In our approach, the dielectric function has been evaluated on top of LDA calculations implemented in a plane-wave-basis framework using norm-conserving Troullier–Martins pseudopotentials. We used Abinit [40] for the ground-state calculations and Yambo [41] for the RPA spectra. All the systems were simulated using a 2D triangular lattice with a basis of one MX2 unit. We used a theoretical lattice constant (3.37 Å for TaS2 and 3.38 Å for NbSe2), calculated using a 10 × 10 × 1 k point mesh and an energy cutoff for the plane-wave expansion between 30 and 40 Ha. Moreover, in the supercell approach, the distance between adjacent layers was set to 40 Å. For the calculation of the dielectric function, we used a 30 × 30 × 1 grid of k point with 80 band. Finally, LFE have been included inverting a matrix of rank 300 G vectors.

4. Results and discussion

In figure 1, we show the calculated low-energy RPA loss function of the single layers of TaS2 and NbSe2 as a function of the momentum transfer q along the ΓM direction6. In the following, we focus on TaS2, but the same analysis holds also for NbSe2, which has an electronic band structure that is similar to TaS2 (see figure 2).
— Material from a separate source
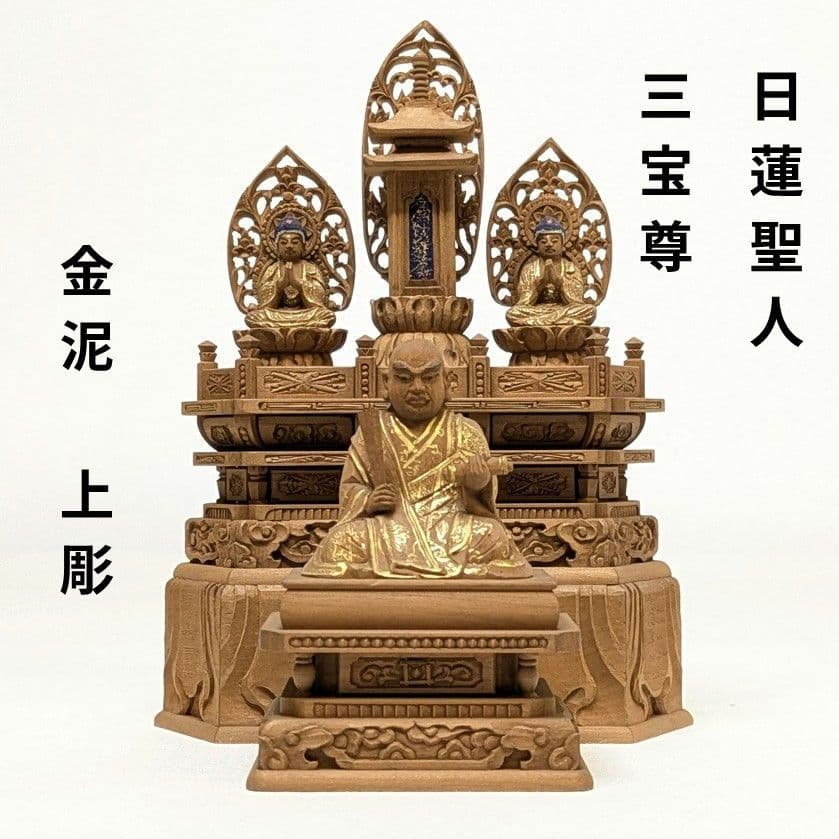 【セール・新品】 日蓮聖人　三宝尊　金泥　上彫り　総高さ約14.5㎝　日蓮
The main peak in the spectrum, which for TaS2 at q = 0.07 Å−1 is located at ω = 0.94 eV, is related to a zero of the real part of the dielectric function epsilon1 (see the dashed green curve in figure 5). We thus identify this main feature as a plasmon resonance that derives from electron–hole pairs belonging to the d band crossing the Fermi energy (see figure 2). In fact, these intraband transitions give rise to a peak of epsilon2 (at ω = 0.70 eV for this small q, see the solid green curve in figure 5) just below the plasmon frequency. This implies that the plasmon is a collective excitation involving the charge density related to this metallic band. Therefore, it has the same nature as the charge–carrier plasmon of 3D bulk systems [30, 31].

Figure 1.

Figure 1. Loss function of the single layers of TaS2 and NbSe2 as a function of the momentum transfer q along the ΓM direction.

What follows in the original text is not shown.